Records for the exercise
++++

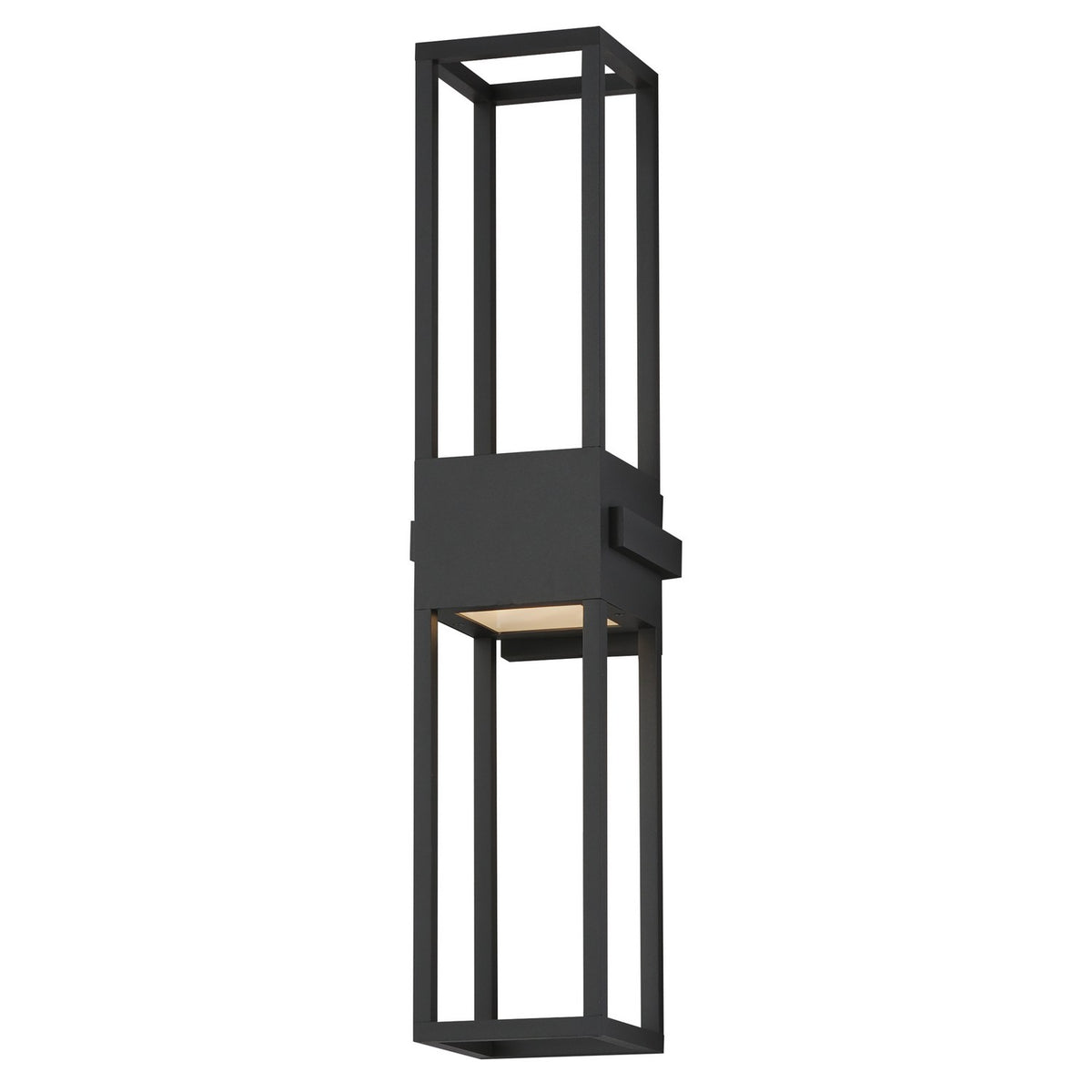 Maxim - Lanterne murale extérieure DEL | Strand VX - 40678BK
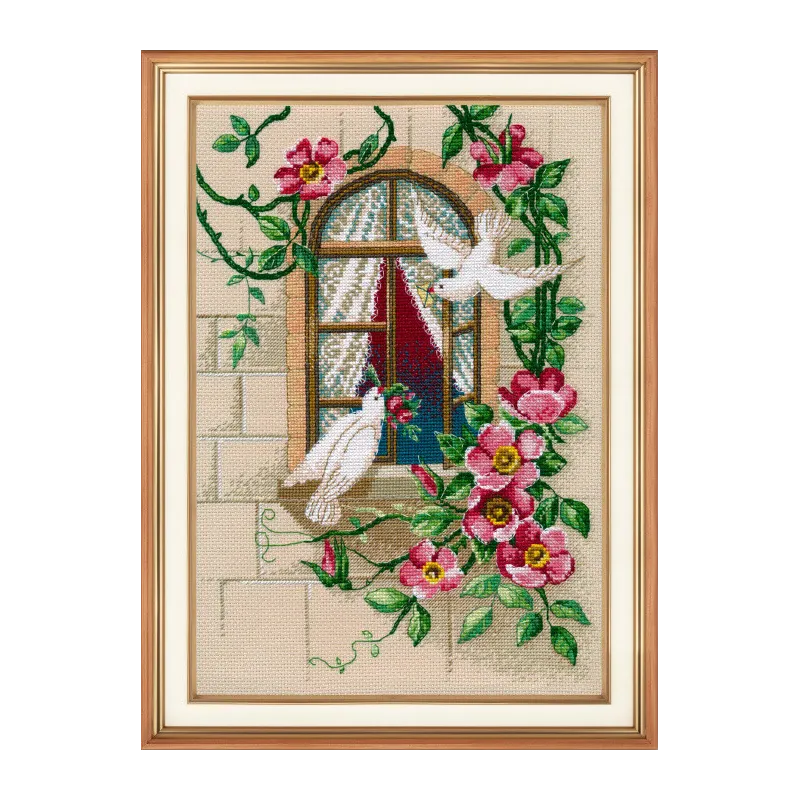 На Крыльях Любви S1047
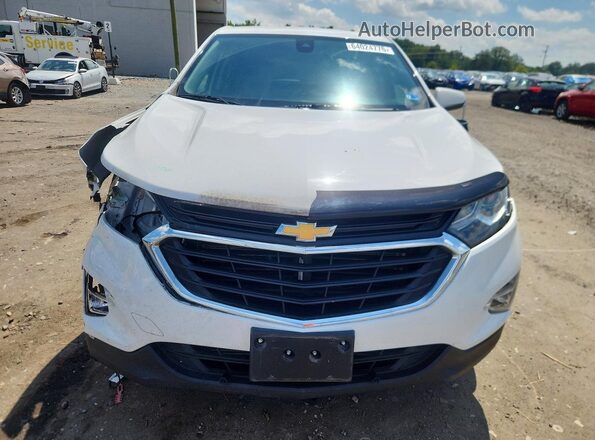 2GNAXUEV9L6201880 2020 CHEVROLET EQUINOX White Вид спереду
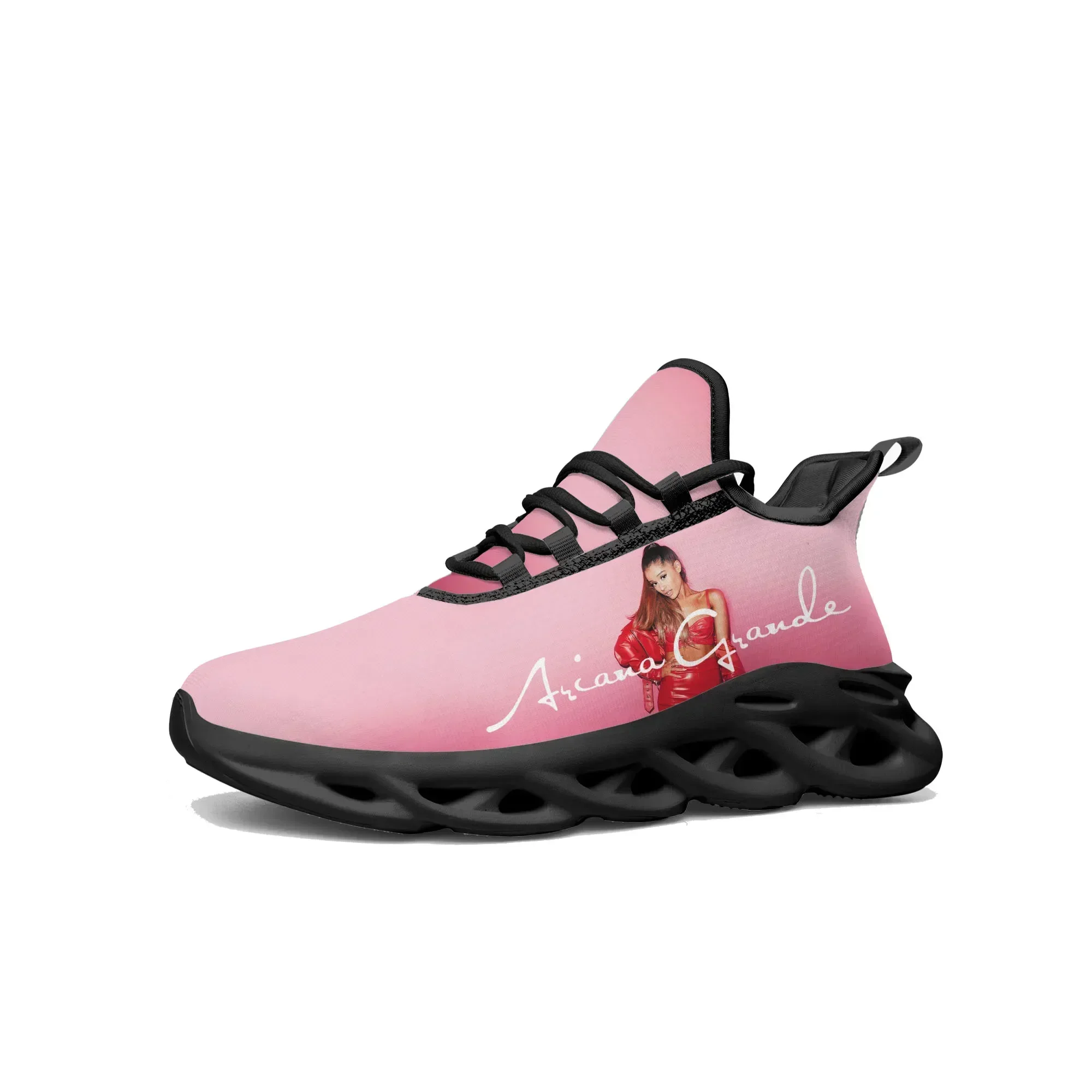 A-Arianas Singer Pop Yes, And Flats Sneakers Mens Womens Teenager G-Grandes Sports Running Shoes Custom Lace Up Mesh Footwear
A-Arianas Singer Pop Yes, And Flats Sneakers Mens Womens Teenager G-Grandes Sports Running Shoes Custom Lace Up Mesh Footwear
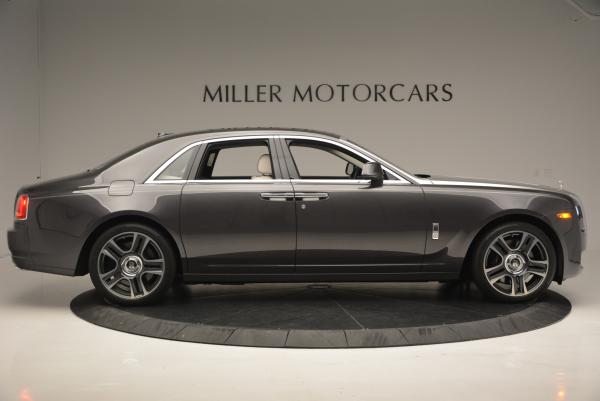 Used 2016 Rolls-Royce Ghost for sale Sold at Maserati of Westport in Westport CT 06880 8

++++

Return the full material word for word. Do not include the pictures.

Response below
 Maxim - Lanterne murale extérieure DEL | Strand VX - 40678BK
 На Крыльях Любви S1047
 2GNAXUEV9L6201880 2020 CHEVROLET EQUINOX White Вид спереду
 A-Arianas Singer Pop Yes, And Flats Sneakers Mens Womens Teenager G-Grandes Sports Running Shoes Custom Lace Up Mesh Footwear
A-Arianas Singer Pop Yes, And Flats Sneakers Mens Womens Teenager G-Grandes Sports Running Shoes Custom Lace Up Mesh Footwear
 Used 2016 Rolls-Royce Ghost for sale Sold at Maserati of Westport in Westport CT 06880 8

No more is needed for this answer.